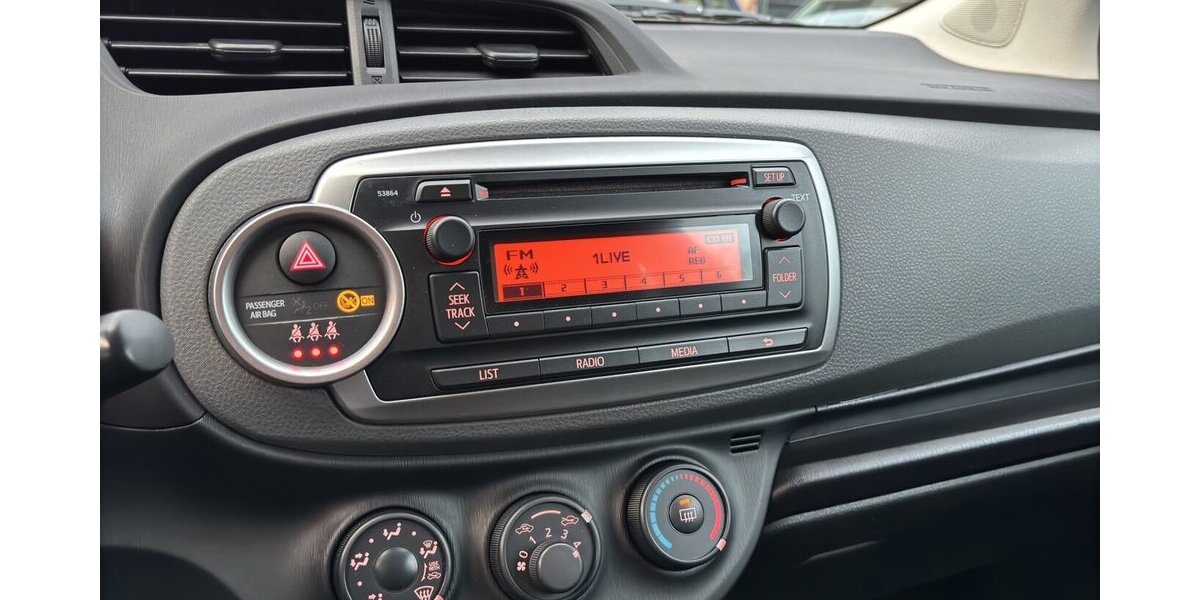 Toyota Yaris 1.0 Basic Radio 91.836 km 2.900 &euro; Wuppertal 42327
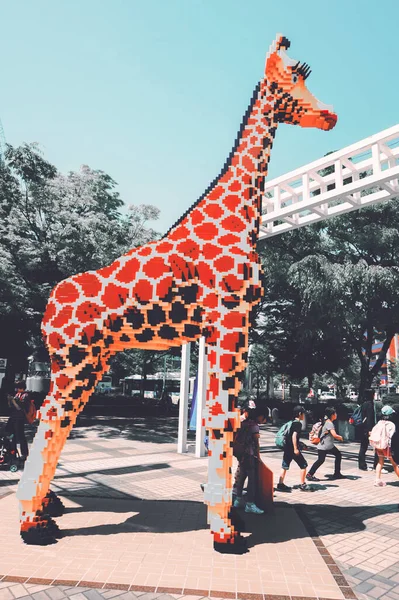 2019年4月日本大阪 长颈鹿是用豆块做的 — 图库照片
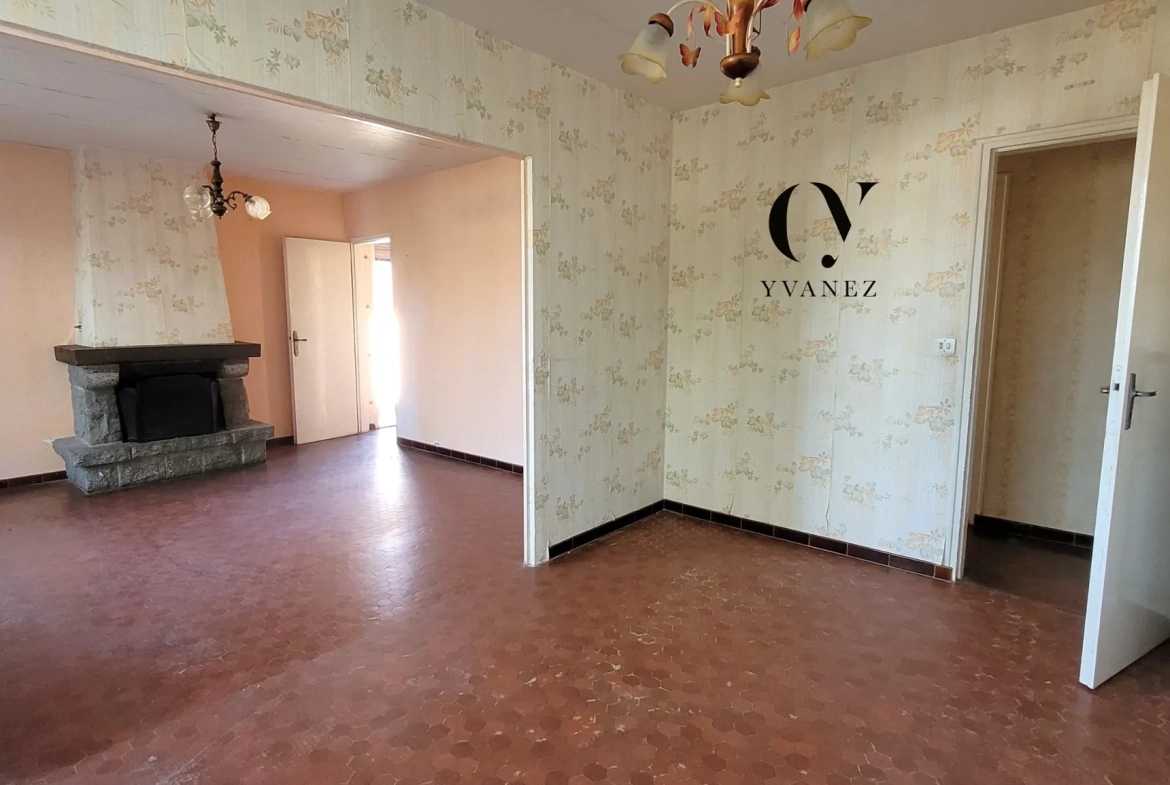 Maison à rénover de 110 m² avec terrain de 477 m² à Châteaugiron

◆ ◆ ◆

The answer should be an exact copy of the material, with its pictures removed.

 Toyota Yaris 1.0 Basic Radio 91.836 km 2.900 &euro; Wuppertal 42327
 2019年4月日本大阪 长颈鹿是用豆块做的 — 图库照片
 Maison à rénover de 110 m² avec terrain de 477 m² à Châteaugiron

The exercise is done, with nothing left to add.